Stored dataset items:
++++++++++

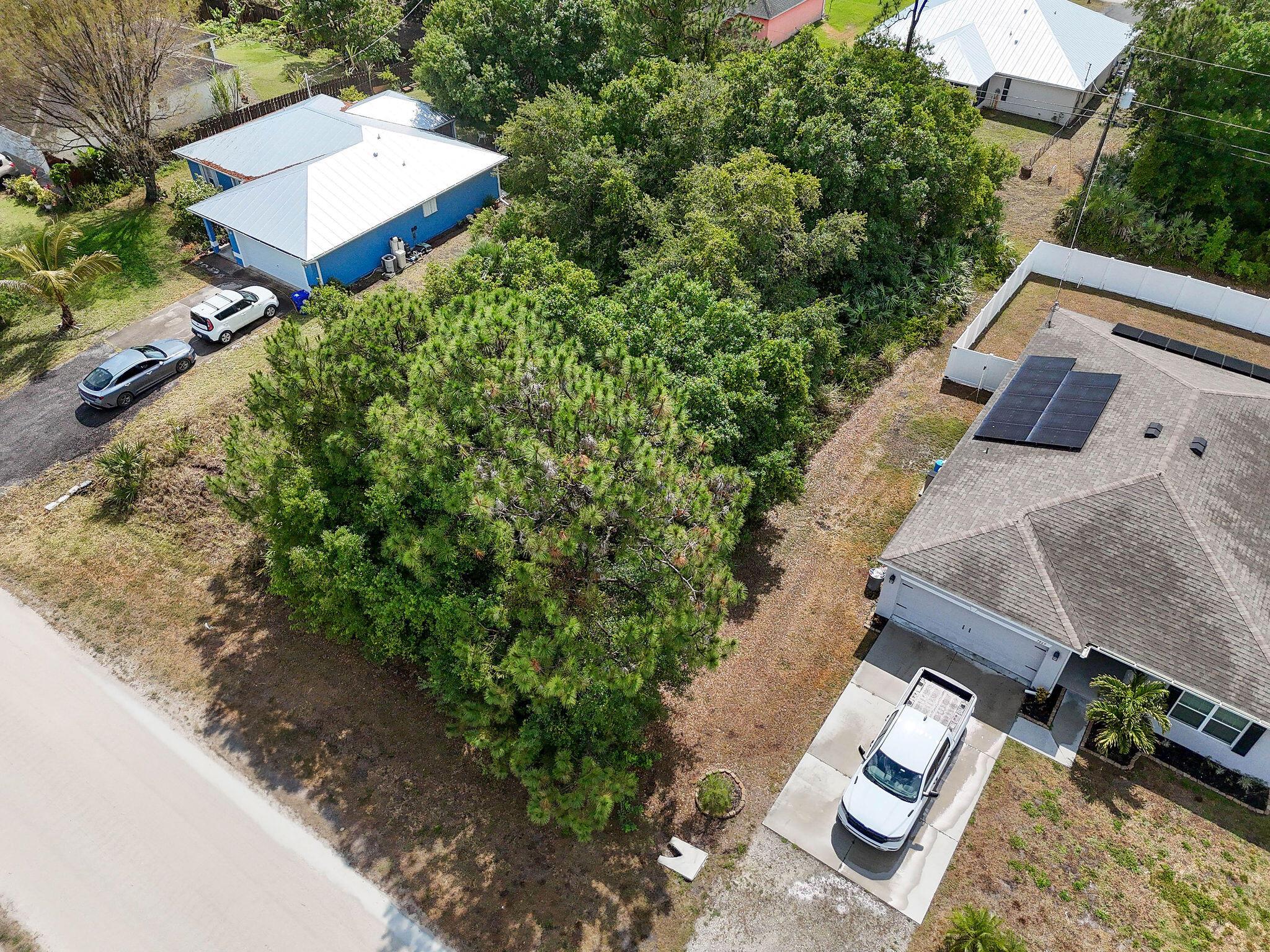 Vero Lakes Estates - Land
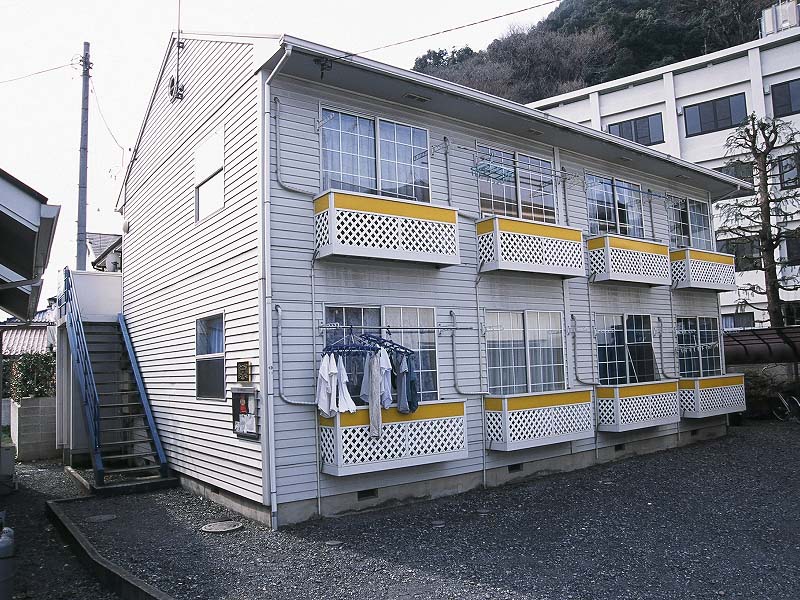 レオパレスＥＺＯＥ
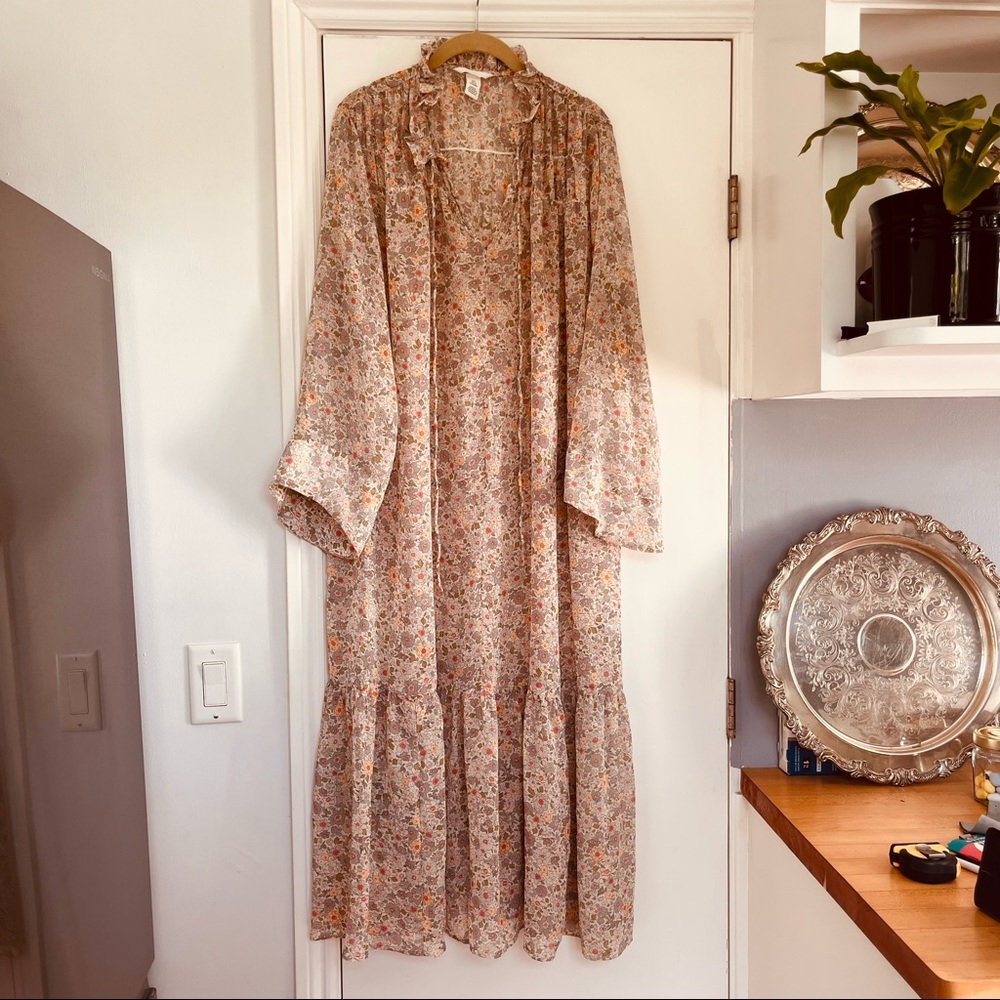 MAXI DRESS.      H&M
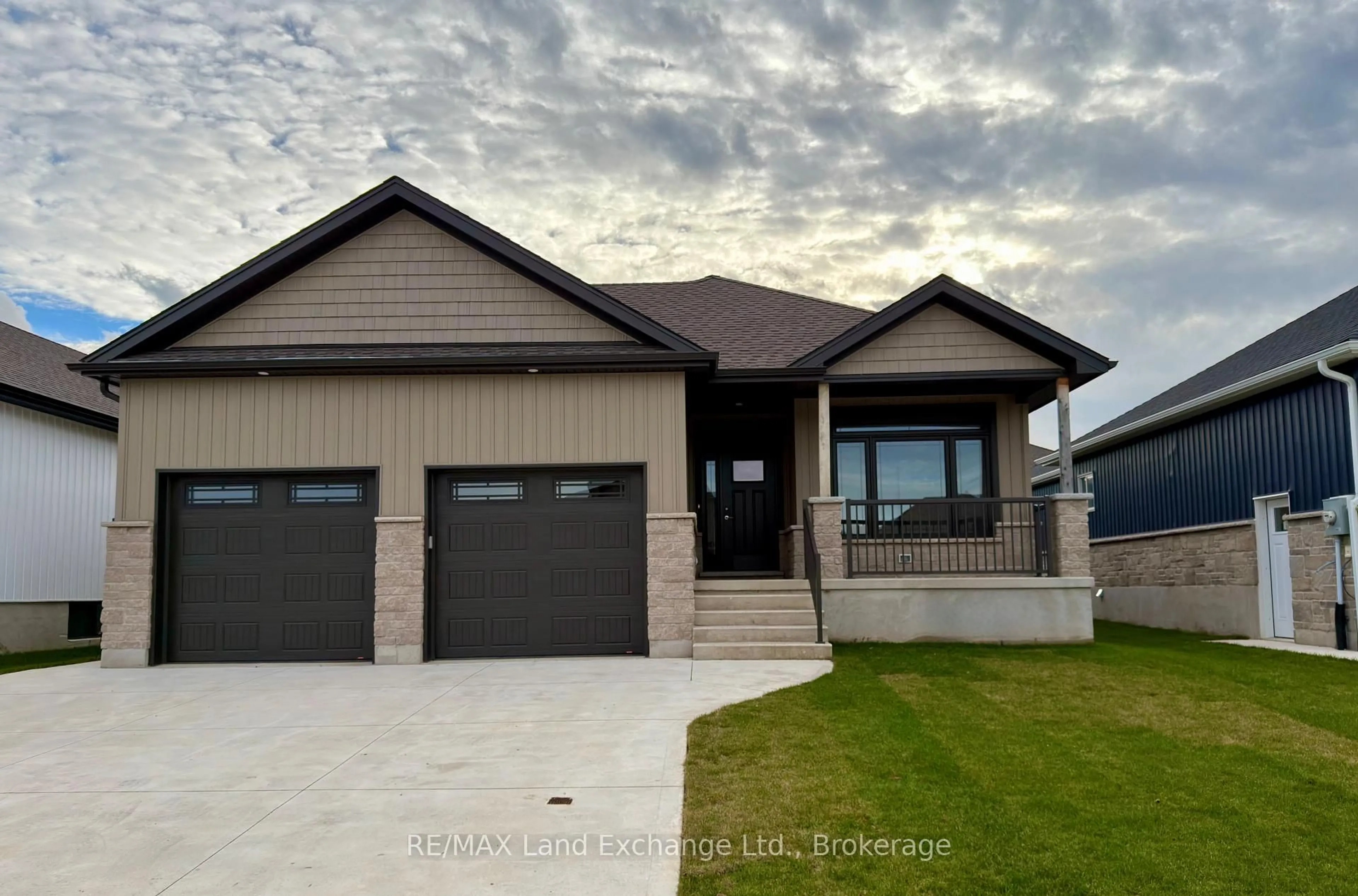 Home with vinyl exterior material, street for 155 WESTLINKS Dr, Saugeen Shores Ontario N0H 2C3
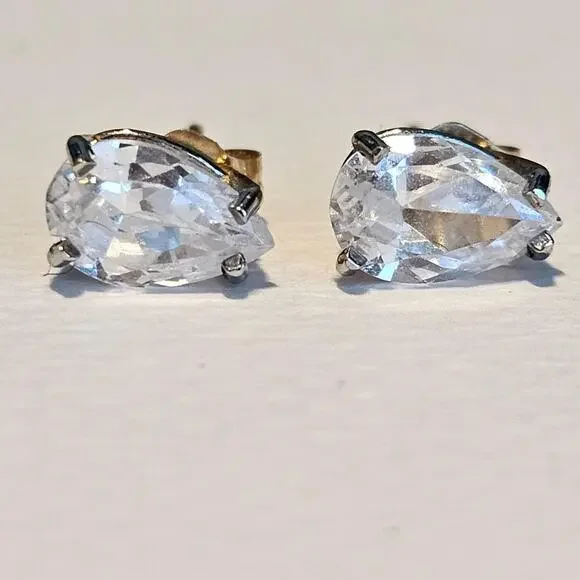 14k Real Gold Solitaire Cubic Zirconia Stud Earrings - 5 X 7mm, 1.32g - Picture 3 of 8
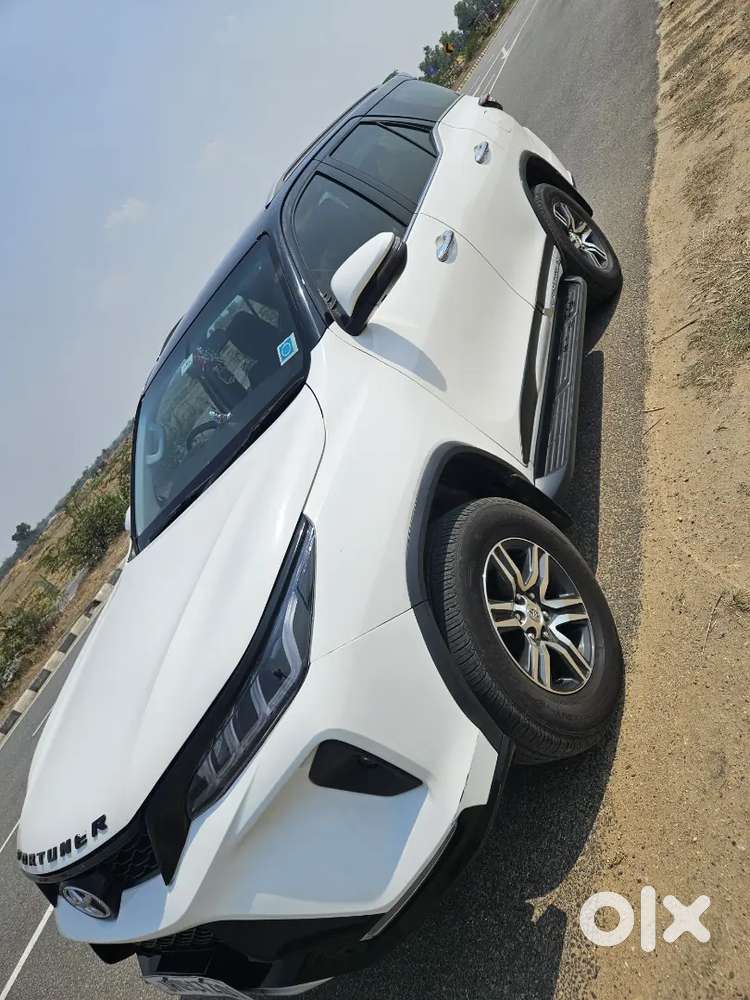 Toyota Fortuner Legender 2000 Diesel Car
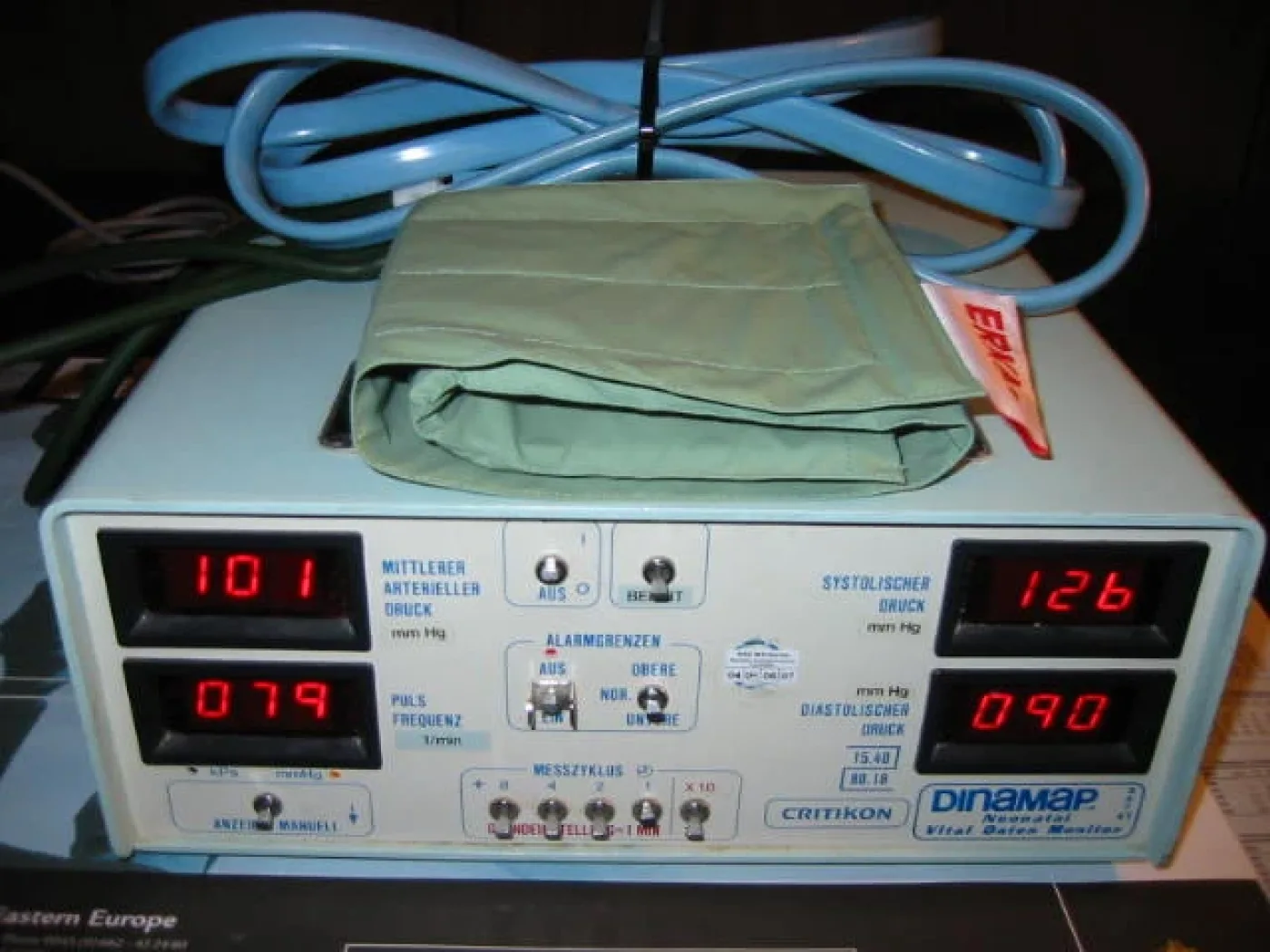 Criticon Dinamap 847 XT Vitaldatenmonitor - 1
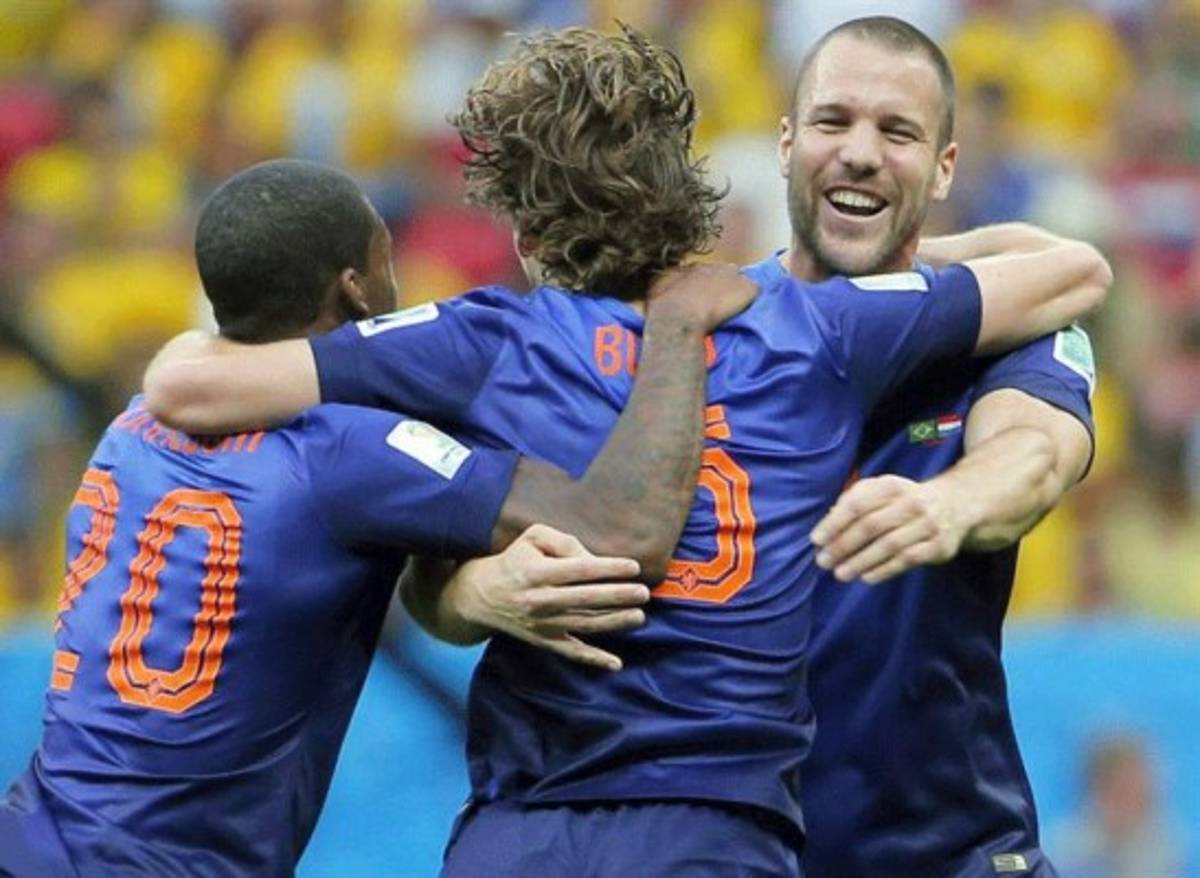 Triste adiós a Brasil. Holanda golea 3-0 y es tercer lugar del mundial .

++++++++++

YOUR TASK:
Please output only the lines running from the one that holds "Criticon Dinamap 847" through the last line of the entries, both ends included, without any images.

ANSWER TO THIS PROBLEM:
 Criticon Dinamap 847 XT Vitaldatenmonitor - 1
 Triste adiós a Brasil. Holanda golea 3-0 y es tercer lugar del mundial .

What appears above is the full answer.